Material supplied
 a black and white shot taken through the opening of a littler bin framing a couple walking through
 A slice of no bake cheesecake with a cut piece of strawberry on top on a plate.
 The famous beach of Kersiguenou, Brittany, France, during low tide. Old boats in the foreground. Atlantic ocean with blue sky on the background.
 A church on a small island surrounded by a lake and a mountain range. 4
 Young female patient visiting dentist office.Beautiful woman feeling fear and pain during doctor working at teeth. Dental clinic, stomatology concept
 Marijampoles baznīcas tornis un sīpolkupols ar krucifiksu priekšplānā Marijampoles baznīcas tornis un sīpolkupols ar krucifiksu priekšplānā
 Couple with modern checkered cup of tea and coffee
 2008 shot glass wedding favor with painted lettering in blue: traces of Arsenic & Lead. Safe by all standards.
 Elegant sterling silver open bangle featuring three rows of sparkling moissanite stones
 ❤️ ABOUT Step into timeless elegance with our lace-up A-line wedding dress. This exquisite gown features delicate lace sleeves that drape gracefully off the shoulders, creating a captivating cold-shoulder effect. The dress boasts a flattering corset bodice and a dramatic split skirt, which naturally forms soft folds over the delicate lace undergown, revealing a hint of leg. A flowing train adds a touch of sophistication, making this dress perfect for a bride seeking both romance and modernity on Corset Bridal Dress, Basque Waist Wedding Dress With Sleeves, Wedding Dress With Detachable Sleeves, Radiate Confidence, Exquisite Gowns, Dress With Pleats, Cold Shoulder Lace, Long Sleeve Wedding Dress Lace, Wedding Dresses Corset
--
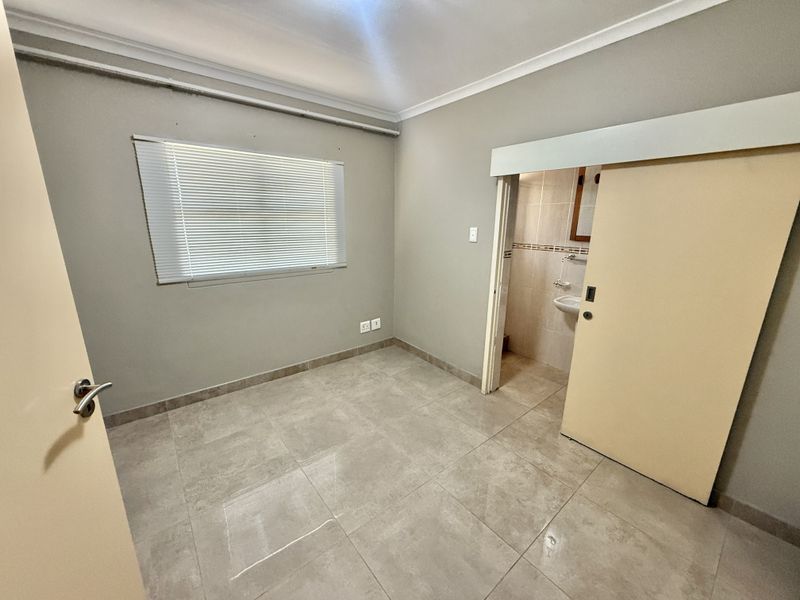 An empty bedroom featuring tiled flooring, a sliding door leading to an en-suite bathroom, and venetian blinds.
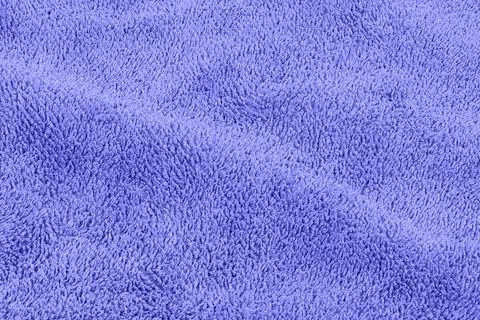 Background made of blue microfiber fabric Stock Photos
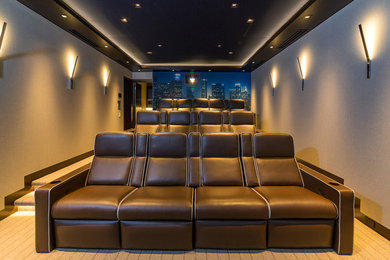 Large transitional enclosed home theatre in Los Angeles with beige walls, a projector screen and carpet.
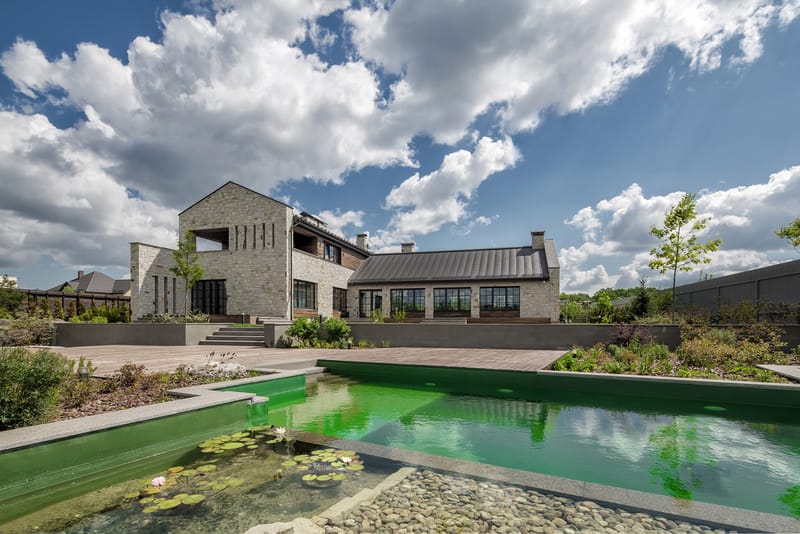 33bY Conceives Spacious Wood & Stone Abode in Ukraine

Instructions to follow
Look above for the line containing "Large transitional enclosed" and the line containing "33bY Conceives Spacious", then reproduce both and everything between them exactly, pictures omitted.

Task answer
 Large transitional enclosed home theatre in Los Angeles with beige walls, a projector screen and carpet.
 33bY Conceives Spacious Wood & Stone Abode in Ukraine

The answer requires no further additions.